Home > Software design >  Unrecognized Hadoop major version number
Unrecognized Hadoop major version number

Time:02-02

I am trying to initialize an Apache Spark instance on Windows 10 to run a local test. My problem is during the initialization of the Spark instance, I get an error message. This code has worked for me a lot of times previously, so I am guessing something might have changed in the dependencies or the configuration.
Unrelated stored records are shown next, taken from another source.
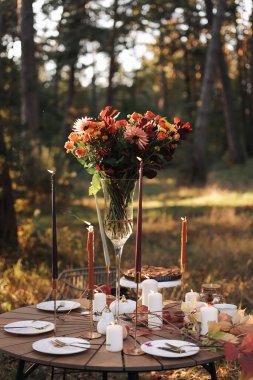 Parkta sıcak bir sonbahar pikniği. Beyaz tabaklar, çatal bıçak takımı, renkli kır çiçekleri olan cam vazo, ev yapımı elmalı turta, akçaağaç yaprakları, açık havada yanan mumlar.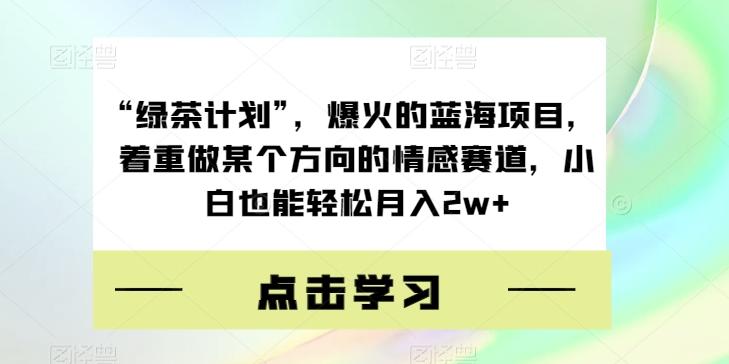 “绿茶计划”，爆火的蓝海项目，着重做某个方向的情感赛道，小白也能轻松月入2w+【揭秘】-禾谷轻创网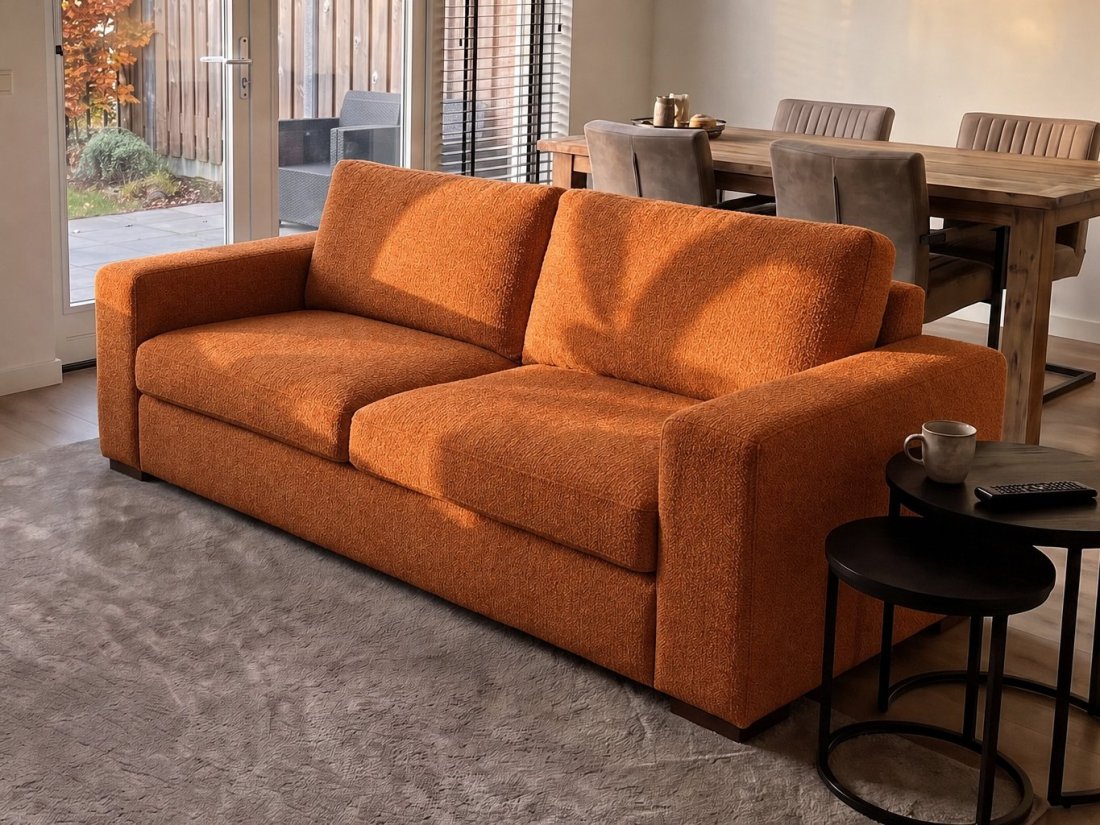 Leiden 3 Zits in oranje – kleurimpressie – A-meubel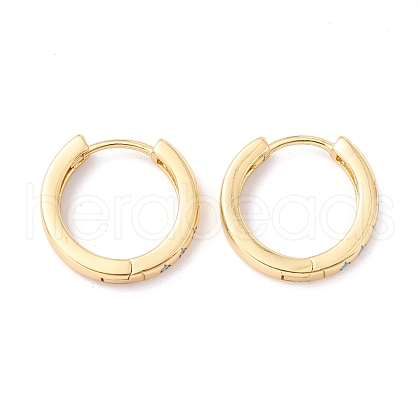 Real 18K Gold Plated Cubic Zirconia Huggie Hoop Earrings for Girl Women EJEW-I260-01G-NR-1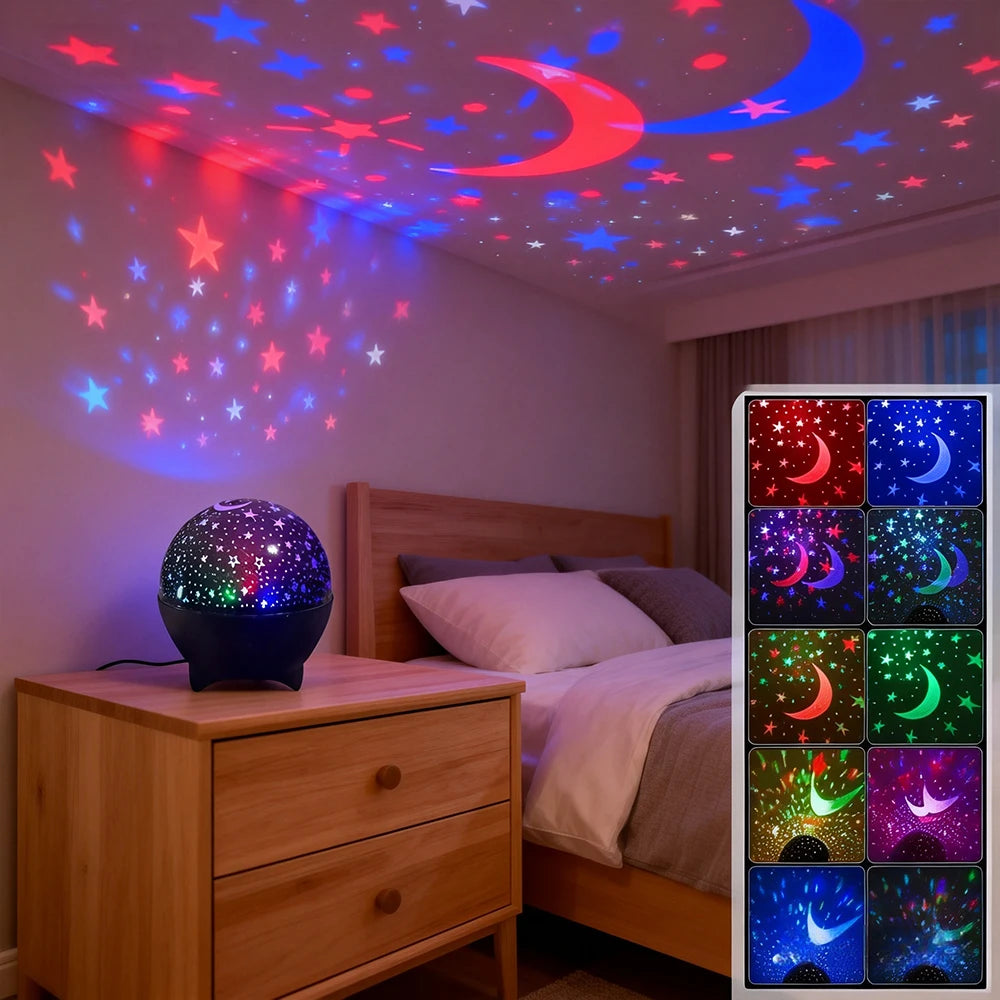 LunaStar Glow RGB Galaxy Projector — USB Star & Moon Night Light for Kids Room, Bedroom & Party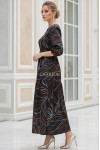 Rochie masuri mari Latisha din satin negru imprimat, maneci bufante si cordon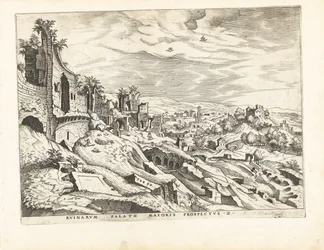 Drugi widok na Palatyn w Rzymie Ruiny rzymskie, 1561 (tytuł serii)
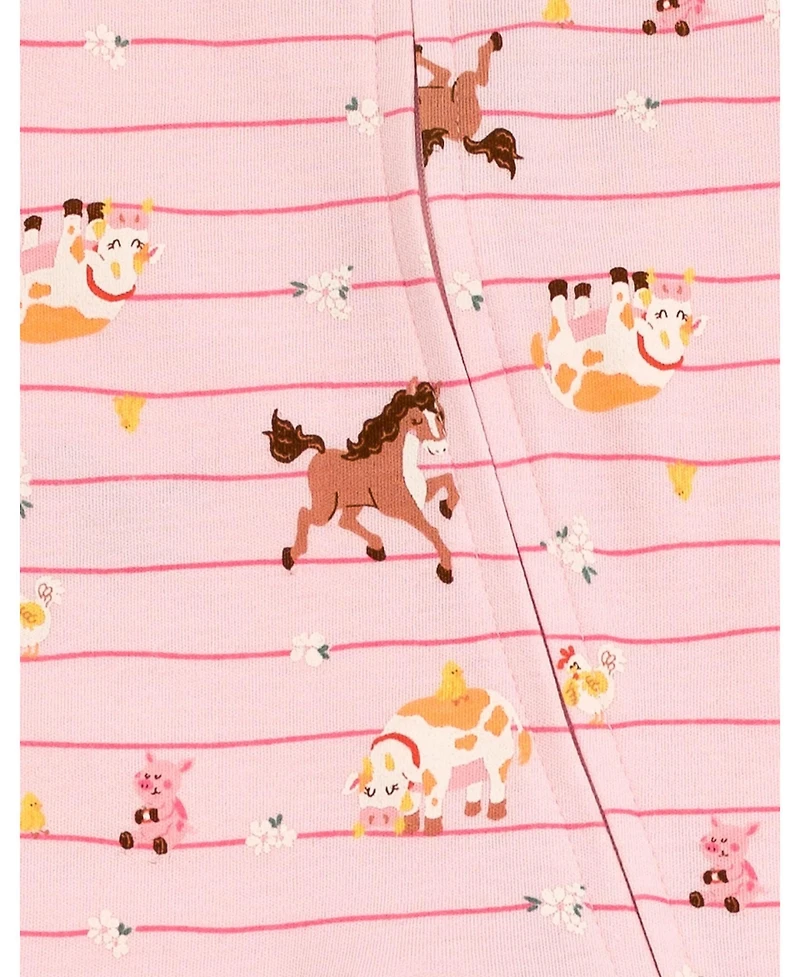 John Deere Baby Girls Animals Ribbed Zip Up Sleep N' Play Coverall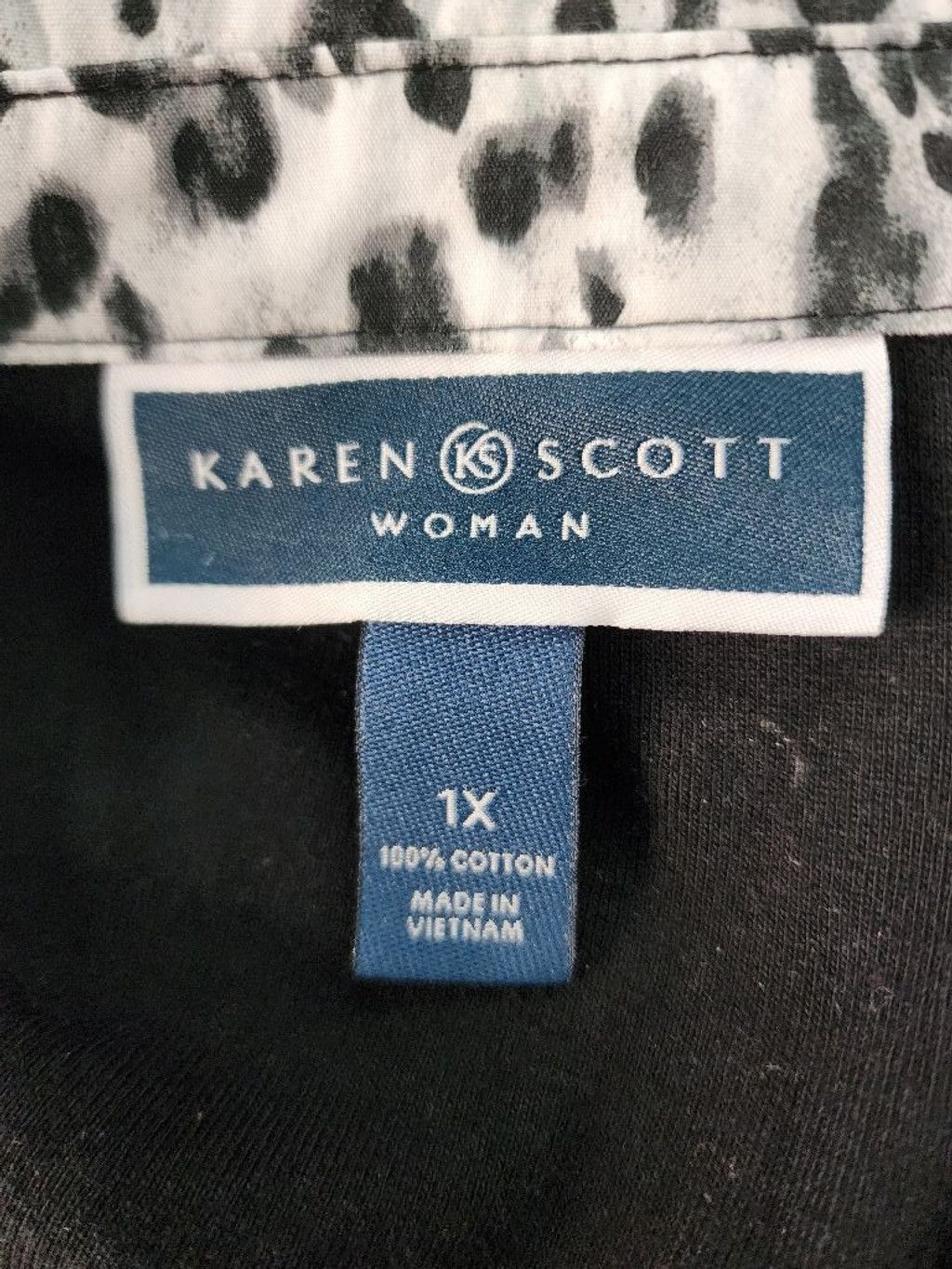 Other Women's Karen Scott Blouse, 1X, Black and Gray Size XL / US 12-14 / IT 48-50 - 4 Thumbnail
I am running using JDK version 1.8.0_192, Hadoop should be 3.0.0 and Spark version is 2.4.0. I am also using Maven as a build tool if that is relevant.

Here is the way I am setting up the session:

  def withSparkSession(testMethod: SparkSession => Any) {

    val uuid = UUID.randomUUID().toString

    val pathRoot = s"C:/data/temp/spark-testcase/$uuid" // TODO: make this independent from Windows
    val derbyRoot = s"C:/data/temp/spark-testcase/derby_system_root"

    // TODO: clear me up -- Derby based metastore should be cleared up
    System.setProperty("derby.system.home", s"${derbyRoot}")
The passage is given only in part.